> DATASET EXTRACT:
────

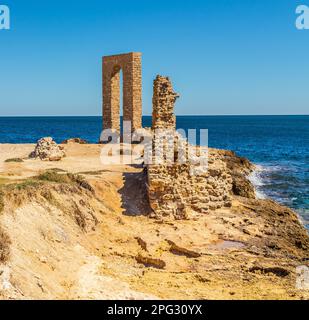 Arc près du Cethon phénicien et cimetière sur les armoiries de Mahdia, Tunisie. Afrique du Nord Banque D'Images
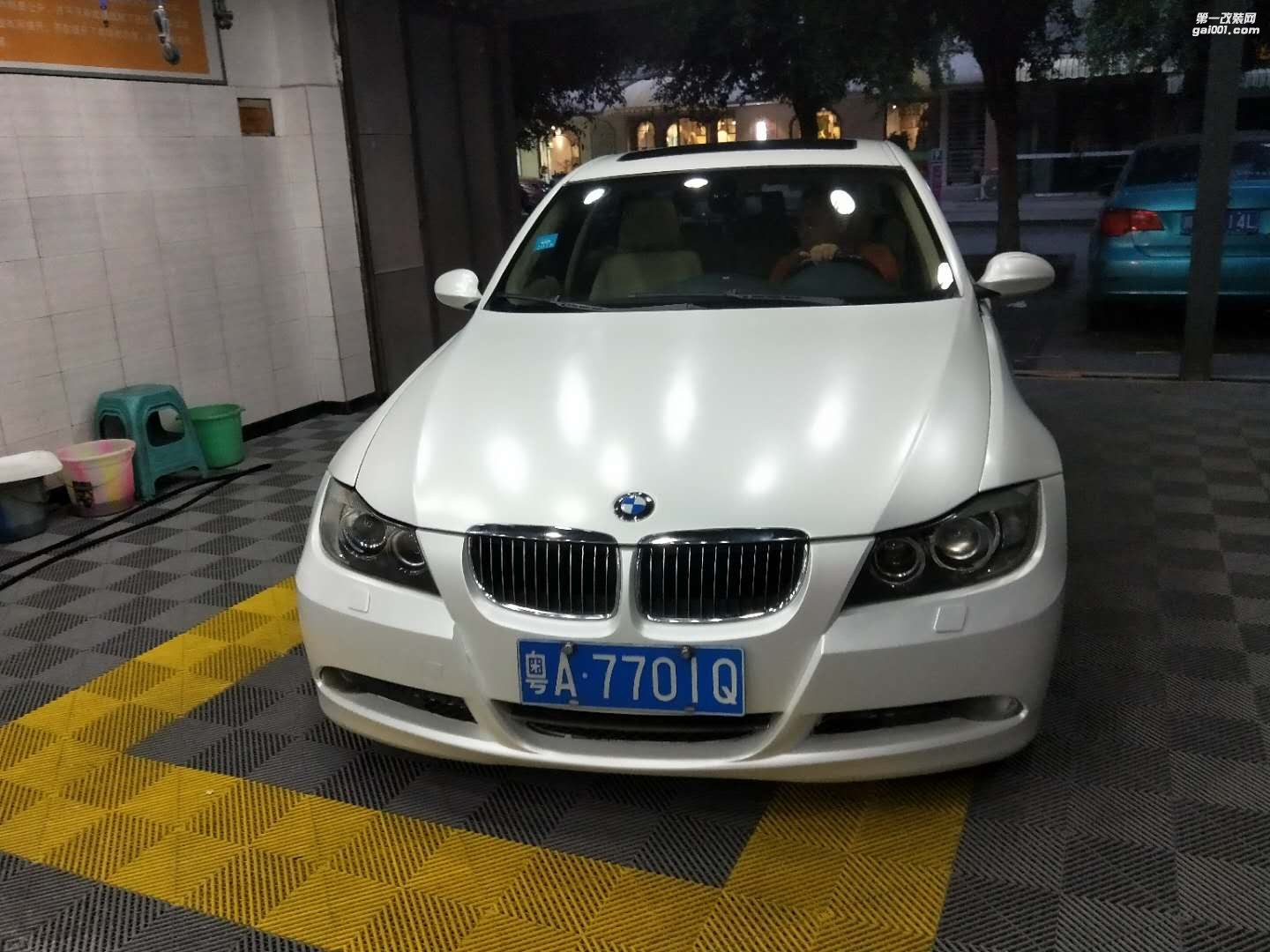 靚車會(huì)青羊店寶馬325i陶瓷白汽車改色貼膜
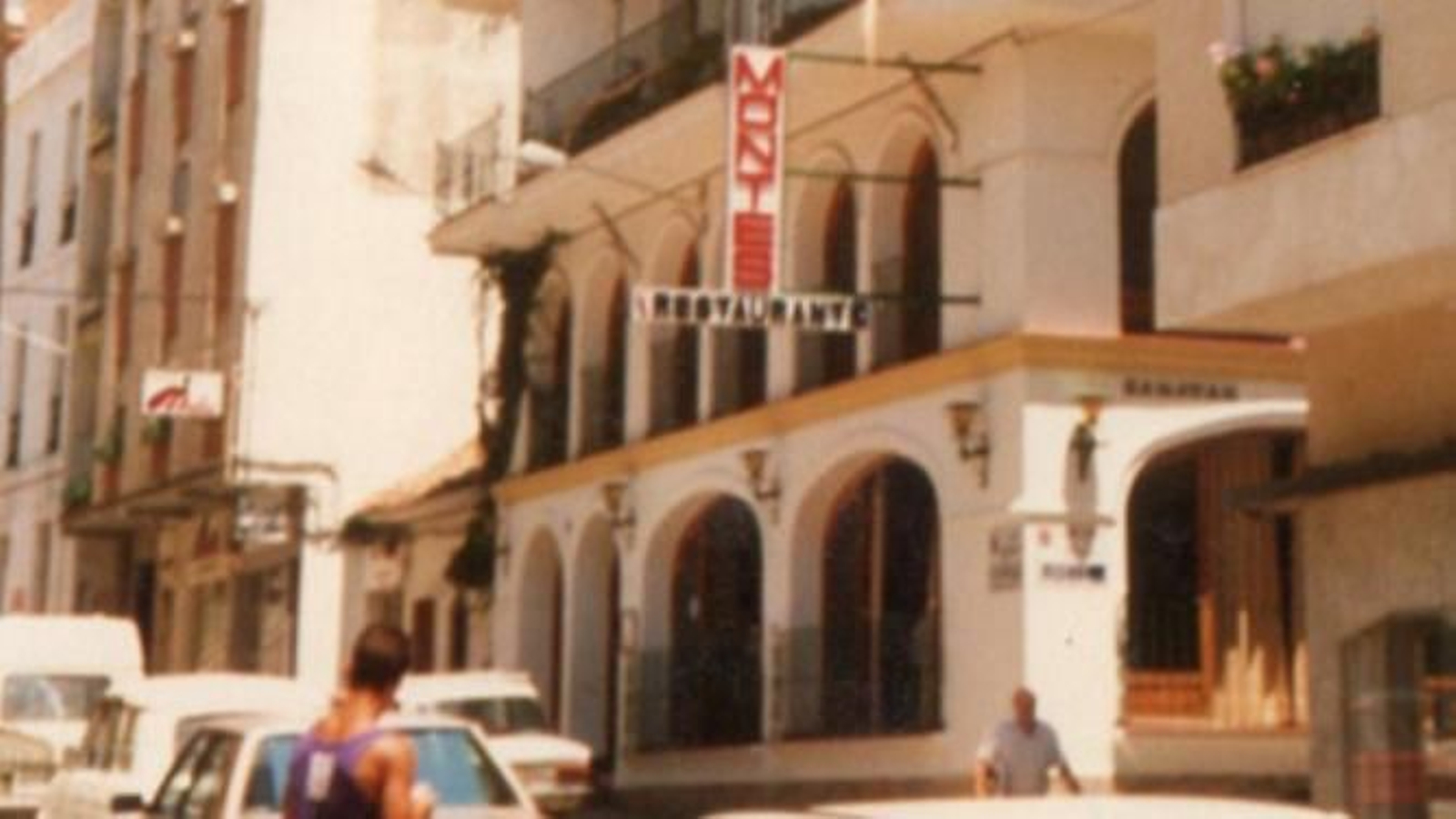 Restaurante Montes, en la esquina de las calles calle Juan Morrison y San Juan.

────

> WHAT YOU WILL DO: When you restate the listing, keep every word as it is and drop the pictures.

> RESPONSE BOX:
 Arc près du Cethon phénicien et cimetière sur les armoiries de Mahdia, Tunisie. Afrique du Nord Banque D'Images
 靚車會(huì)青羊店寶馬325i陶瓷白汽車改色貼膜
 Restaurante Montes, en la esquina de las calles calle Juan Morrison y San Juan.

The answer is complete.